The French "victory" at Verdun, such as it was, lay in the fact that the primary German objective was frustrated. Unlike most of the other major battles on the Western Front, the German attack at Verdun was not primarily intended as a way of capturing ground or in the hope of breaking through the trench lines, but to start a battle of attrition: the German attack was conceived from the first - by the German commanders General von Falkenhayn and Crown Prince Wilhelm - as a trap for the French, forcing them to commit vast numbers of men to a barely tenable position so that the fighting force of the French could be steadily ground down.

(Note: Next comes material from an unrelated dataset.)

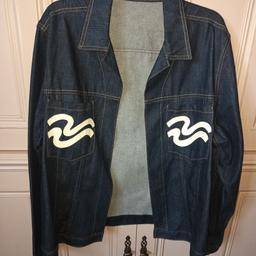 Lovely denim jacket with detailed stiching.  Has white design on the pockets.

This they certainly managed, but losing as many men themselves was not part of the plan.
In fact it is arguable that the German plan worked in a way: the French losses in the war, of which Verdun accounted for many (although actually fewer than they suffered in the far less renowned Bataille des Frontières, the initial attacks across the German border in 1914) were large enough to affect the birth rate of the smaller French population over the subsequent decade, and manpower shortages were one of the main reasons for the French army's weakness a generation later in 1940 - along with an obsession with preparing static defences of the kind that were so badly handled at Verdun - the Maginot line was the focus of French defence between the wars precisely because Fort Douaumont and Fort Vaux fell so embarrasingly easily in 1916, the one because it was virtually unmanned and the other because nobody had thought to maintain its water supply.
The battle subsequently became iconic for the French, not merely because of its ferocity or casualties, which were mirrored elsewhere, or for its outcome, which was little more than a stalemate, but because its duration and the French army's rotation system meant that a very high proportion of serving French troops - and thus a very high proportion of the male population - served there at one time or another during the year-long battle.